| Records provided |

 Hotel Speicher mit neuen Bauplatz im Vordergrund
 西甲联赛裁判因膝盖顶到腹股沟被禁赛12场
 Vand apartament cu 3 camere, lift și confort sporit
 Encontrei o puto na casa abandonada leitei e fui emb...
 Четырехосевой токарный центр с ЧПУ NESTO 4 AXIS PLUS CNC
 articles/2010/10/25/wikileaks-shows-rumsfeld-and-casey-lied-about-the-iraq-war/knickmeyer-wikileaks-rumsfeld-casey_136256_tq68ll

* * *

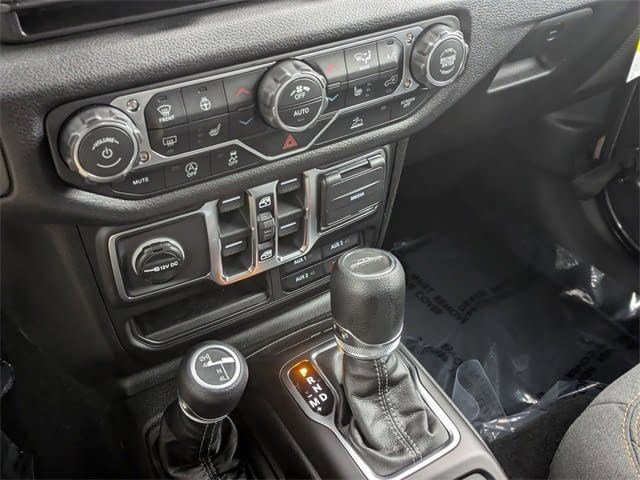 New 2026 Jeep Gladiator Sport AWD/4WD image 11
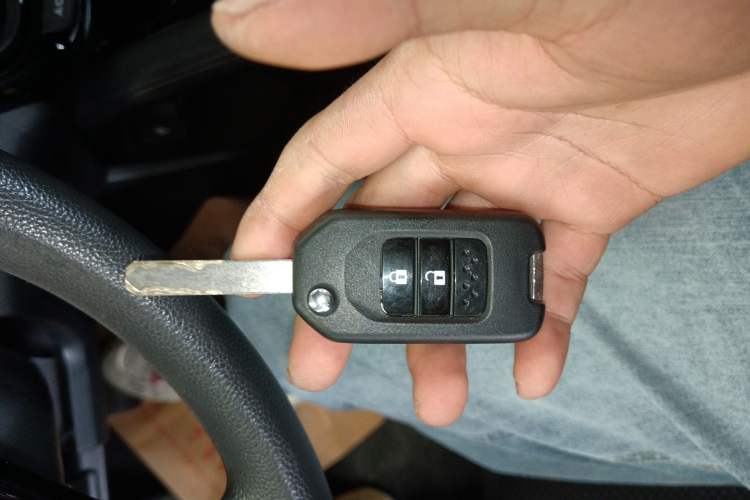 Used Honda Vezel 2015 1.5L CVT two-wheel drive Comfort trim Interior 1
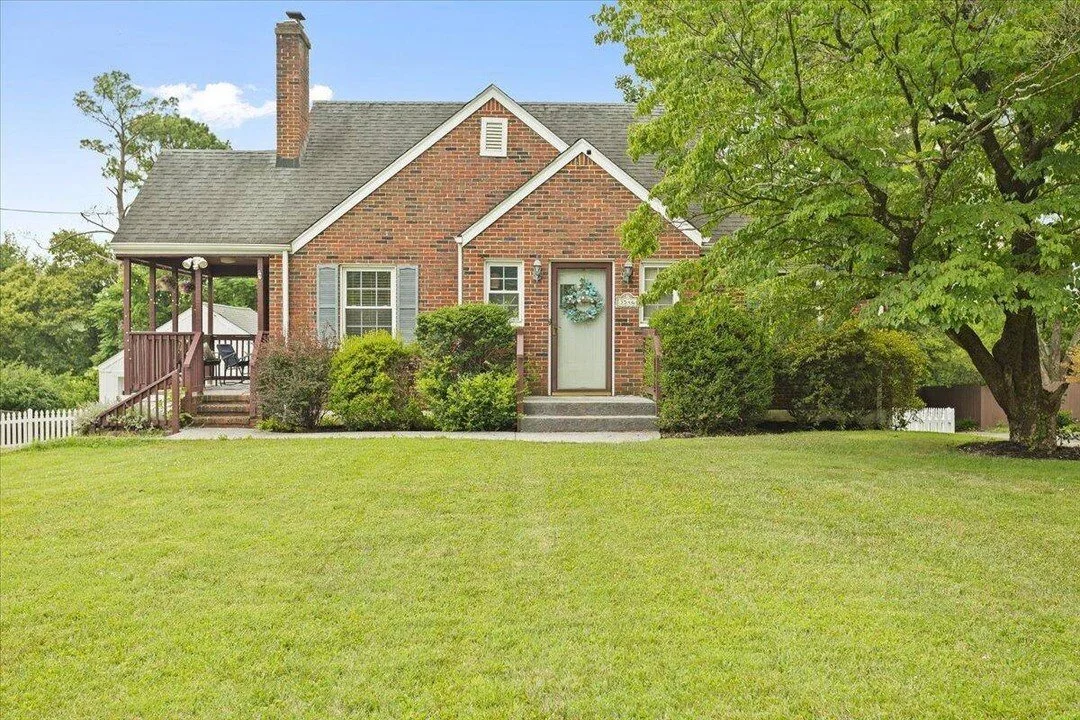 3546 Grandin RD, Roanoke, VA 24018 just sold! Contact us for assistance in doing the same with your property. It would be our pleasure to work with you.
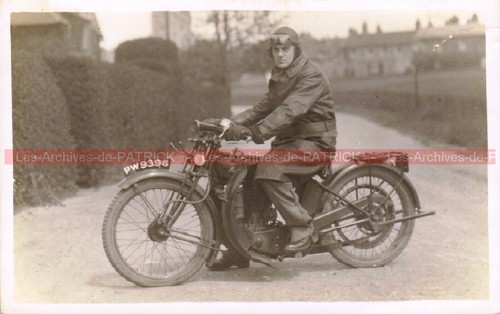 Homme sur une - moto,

| What the task asks |
I would like the exact lines from the data above, starting with the one that holds "Used Honda Vezel" and going on through the one that holds "Homme sur une", without the pictures.

| The answer |
 Used Honda Vezel 2015 1.5L CVT two-wheel drive Comfort trim Interior 1
 3546 Grandin RD, Roanoke, VA 24018 just sold! Contact us for assistance in doing the same with your property. It would be our pleasure to work with you.
 Homme sur une - moto,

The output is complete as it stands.